### The data ###
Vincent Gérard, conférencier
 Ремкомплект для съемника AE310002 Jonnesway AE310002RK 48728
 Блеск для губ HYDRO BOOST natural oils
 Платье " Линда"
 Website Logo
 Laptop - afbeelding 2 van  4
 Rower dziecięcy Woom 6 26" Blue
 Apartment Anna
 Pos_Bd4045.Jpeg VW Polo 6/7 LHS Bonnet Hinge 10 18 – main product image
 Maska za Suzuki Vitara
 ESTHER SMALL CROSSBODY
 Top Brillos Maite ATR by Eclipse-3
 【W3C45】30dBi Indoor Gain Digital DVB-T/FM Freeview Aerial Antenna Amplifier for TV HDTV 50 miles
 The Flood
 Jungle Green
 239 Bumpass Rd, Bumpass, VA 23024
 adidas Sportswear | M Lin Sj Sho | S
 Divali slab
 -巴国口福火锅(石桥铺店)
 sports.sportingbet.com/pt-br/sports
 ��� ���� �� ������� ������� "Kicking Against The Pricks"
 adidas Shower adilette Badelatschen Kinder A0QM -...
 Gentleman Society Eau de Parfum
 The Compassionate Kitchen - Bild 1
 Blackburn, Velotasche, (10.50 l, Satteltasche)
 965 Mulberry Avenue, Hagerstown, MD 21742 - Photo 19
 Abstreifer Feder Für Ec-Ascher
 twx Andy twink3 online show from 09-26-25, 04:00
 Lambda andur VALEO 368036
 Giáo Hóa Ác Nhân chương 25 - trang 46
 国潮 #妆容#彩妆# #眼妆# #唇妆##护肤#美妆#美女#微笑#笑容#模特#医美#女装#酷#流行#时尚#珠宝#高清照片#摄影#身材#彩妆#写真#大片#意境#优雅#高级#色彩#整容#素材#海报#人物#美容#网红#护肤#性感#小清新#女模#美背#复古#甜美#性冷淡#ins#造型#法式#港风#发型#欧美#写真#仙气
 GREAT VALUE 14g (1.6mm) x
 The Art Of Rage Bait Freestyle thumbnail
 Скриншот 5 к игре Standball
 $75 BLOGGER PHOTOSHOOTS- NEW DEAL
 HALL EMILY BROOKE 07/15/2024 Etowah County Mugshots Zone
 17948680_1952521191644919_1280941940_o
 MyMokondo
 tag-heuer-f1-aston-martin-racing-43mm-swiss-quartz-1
###
Only exact copies of the lines from the one containing "The Art Of Rage Bait Freestyle thumbnail" to the end of the records belong in the answer.

 The Art Of Rage Bait Freestyle thumbnail
 Скриншот 5 к игре Standball
 $75 BLOGGER PHOTOSHOOTS- NEW DEAL
 HALL EMILY BROOKE 07/15/2024 Etowah County Mugshots Zone
 17948680_1952521191644919_1280941940_o
 MyMokondo
 tag-heuer-f1-aston-martin-racing-43mm-swiss-quartz-1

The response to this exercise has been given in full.